You'll be there in no time at the speed you're posting! :lol:

Alan W


----------



## GleemSpray (Jan 26, 2014)

How have


----------



## GleemSpray (Jan 26, 2014)

You gotten


----------



## GleemSpray (Jan 26, 2014)

your count


----------



## GleemSpray (Jan 26, 2014)

so high ??

:lol::lol::lol:


----------



## Derekh929 (Aug 28, 2011)

10,000 posts and I bet £10,000 spent on products you thought you needed but you didn’t need:lol:

oh wait , I’m as bad with a few year hiatus if posts were pounds spent I bet it’s the price of a small car:lol:, all in the name of testing


----------



## Andyblue (Jun 20, 2017)

Derekh929 said:


> 10,000 posts and I bet £10,000 spent on products you thought you needed but you didn't need:lol:
> 
> oh wait , I'm as bad with a few year hiatus if posts were pounds spent I bet it's the price of a small car:lol:, all in the name of testing


Yes - thankfully not quite that spend, but yes have bought products I don't really need. Been giving done away over past few months to neighbours and friends :thumb:


----------



## Dave Y (Jan 26, 2009)

Well done Andy. 
12 years 136 posts,i will hang my head in shame. I am more of a lurker.


----------



## AndyN01 (Feb 16, 2016)

Good on you.

Thanks for all the time, efforts, £££'s spent and dedication to get there.

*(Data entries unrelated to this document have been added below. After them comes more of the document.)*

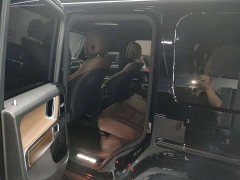 Mercedes-Benz G-Class 2021 G 350 d Professional Line - ფოტო 9
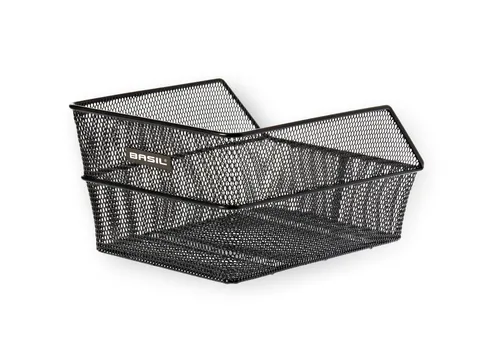 Cykelkurv bagpå til vores damecykler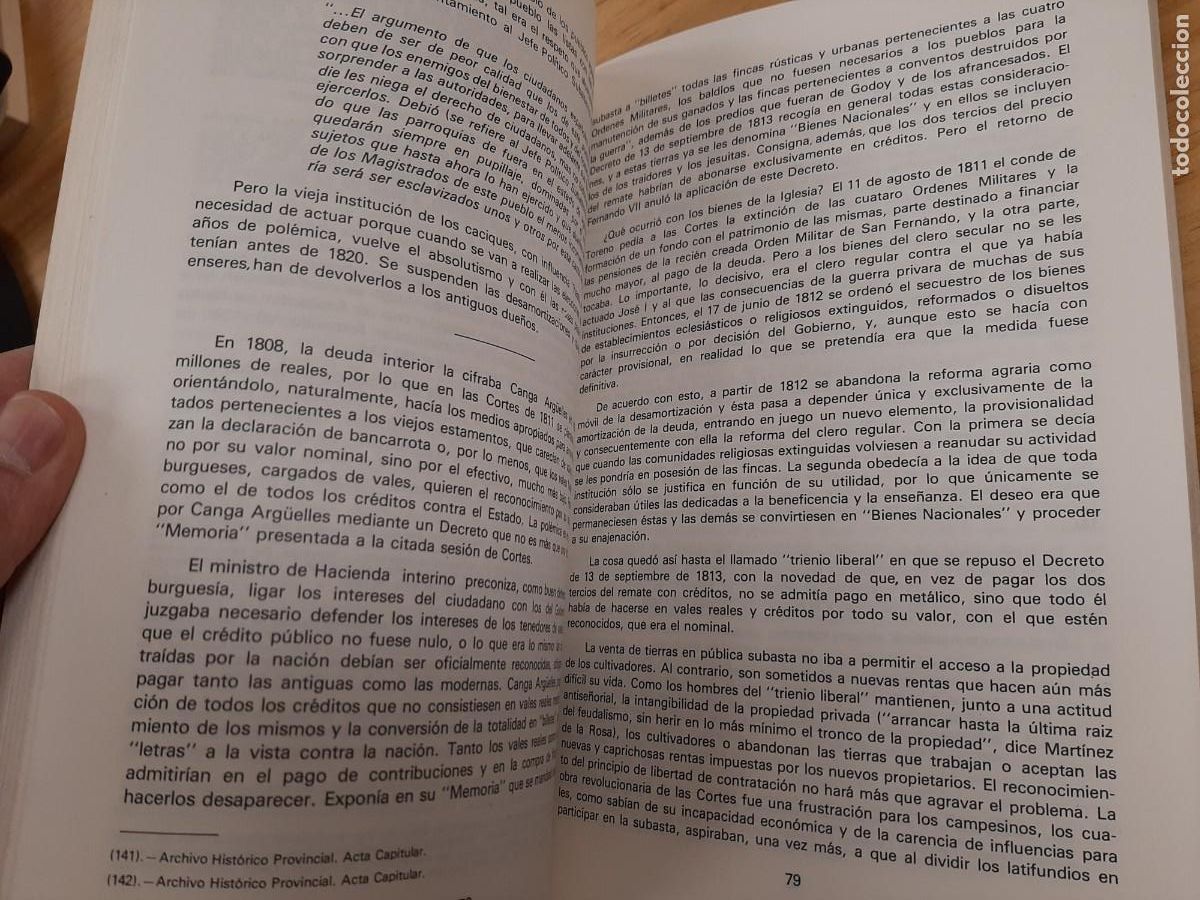 Libros de segunda mano: El campesino lucense y el se&ntilde;or&iacute;o eclesi&aacute;stico - LUIS RODRIGUEZ - 1977 - Foto 6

Much appreciated by those of us looking to increase our knowledge & understanding.

Cheers.

Andy.


----------



## WHIZZER (Oct 25, 2005)

Andyblue said:


> Ooooh
> 
> Please be kind though. :thumb: :lol:


let me know what you want :thumb:


----------



## Andyblue (Jun 20, 2017)

Dave Y said:


> Well done Andy.
> 12 years 136 posts,i will hang my head in shame. I am more of a lurker.


Thanks :thumb:



AndyN01 said:


> Good on you.
> 
> Thanks for all the time, efforts, £££'s spent and dedication to get there.
> 
> ...


Cheers mate, nice to know I'm helping out on occasions :thumb:


----------



## Andyblue (Jun 20, 2017)

WHIZZER said:


> let me know what you want :thumb:


Thanks - I'll have a think. :thumb:

Perhaps I should open it up to suggestions ???


----------



## WHIZZER (Oct 25, 2005)

Andyblue said:


> Thanks - I'll have a think. :thumb:
> 
> Perhaps I should open it up to suggestions ???


you could do :thumb:


----------